1917
Inmediatamente después del desayuno —esta vez no un desayuno opulento con champán: los dos caballeros se pusieron de acuerdo sobre el birchermüsli que yo les había recomendado—, continuamos nuestra conversación, en cuyo transcurso los dos, cuidadosamente, como si yo fuera una meidschi en edad escolar a la que no hubiera que escandalizar, me ilustraron sobre la guerra química, es decir, el lanzamiento de cloro gaseoso y la utilización bien calculada de gas cruz azul, cruz verde y, finalmente, cruz amarilla, contando sus propias experiencias, pero también otras experiencias recogidas.
Habíamos llegado sin rodeos a las armas químicas, después de haber mencionado Remarque la guerra de Vietnam, que se desarrollaba en la época de nuestra conversación, y de haber calificado de criminal el empleo del napalm, y lo mismo la utilización del llamado «agente naranja». Remarque dijo:
—Quien ha lanzado la bomba atómica no tiene ya escrúpulos.

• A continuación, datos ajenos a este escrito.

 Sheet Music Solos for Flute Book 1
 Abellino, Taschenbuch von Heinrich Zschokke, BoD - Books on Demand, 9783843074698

Jünger consideraba la defoliación sistemática de la jungla mediante el bombardeo de alfombra con sustancias tóxicas como la prolongación lógica de los ataques con gases de su época, pero opinaba, de acuerdo en ello con Remarque, que, a pesar de su superioridad material, «los americanos» perderían aquella «guerra sucia» que no permitía ya la «actuación militar».
—Sin embargo, hay que reconocerlo: fuimos los primeros en soltar gas de cloro contra los franceses ante Ypres, el 15 de abril —dijo Jünger.
Entonces Remarque gritó, tan fuerte que una camarera que estaba junto a nuestra mesa se detuvo sobresaltada y se fue luego apresuradamente: «¡Ataque de gas! ¡Gas! ¡Gaaas!», y Jünger, con ayuda de una cucharilla, imitó el repiqueteo de las campanillas de alarma, aunque de pronto, como obedeciendo a una orden interior, se volvió realista:
—De acuerdo con el reglamento, comenzamos enseguida a engrasar nuestros fusiles, todos los metales. Luego nos atamos la máscara. Más tarde vimos en Monchy —poco antes de comenzar la batalla del Somme— a una multitud de afectados por el gas, que gemían y se ahogaban mientras les manaba agua de los ojos. Pero el gas de cloro actúa sobre todo corroyendo y quemando los pulmones. Pude ver su efecto también en las trincheras enemigas. Y poco después fuimos agraciados por los ingleses con gas de fósforo, de olor dulzón.
Entonces le tocó otra vez a Remarque:
—Ahogándose durante días enteros, vomitaban en pedazos los pulmones quemados. Lo peor era cuando, sometidos al mismo tiempo a un fuego de barrera, no podían salir de los embudos de bomba, porque la nube de gas, como una medusa, se posaba en todas las depresiones del terreno. Ay de quien se quitara la máscara demasiado pronto… El que sufría siempre más que nadie era el soldado de reemplazo sin experiencia… Aquellos muchachos jóvenes, que vagaban desvalidos… Aquellos rostros de colinabo… Con aquellos uniformes demasiado anchos… Todavía vivos, tenían la espantosa falta de expresión de los niños muertos… Vi, mientras avanzábamos hacia las fortificaciones de nuestras líneas más avanzadas, un refugio lleno de aquellos pobres diablos… Los encontré con la cabeza azul y los labios negros… Y en un embudo se habían quitado la máscara demasiado pronto… Murieron ahogados en sus propios vómitos de sangre.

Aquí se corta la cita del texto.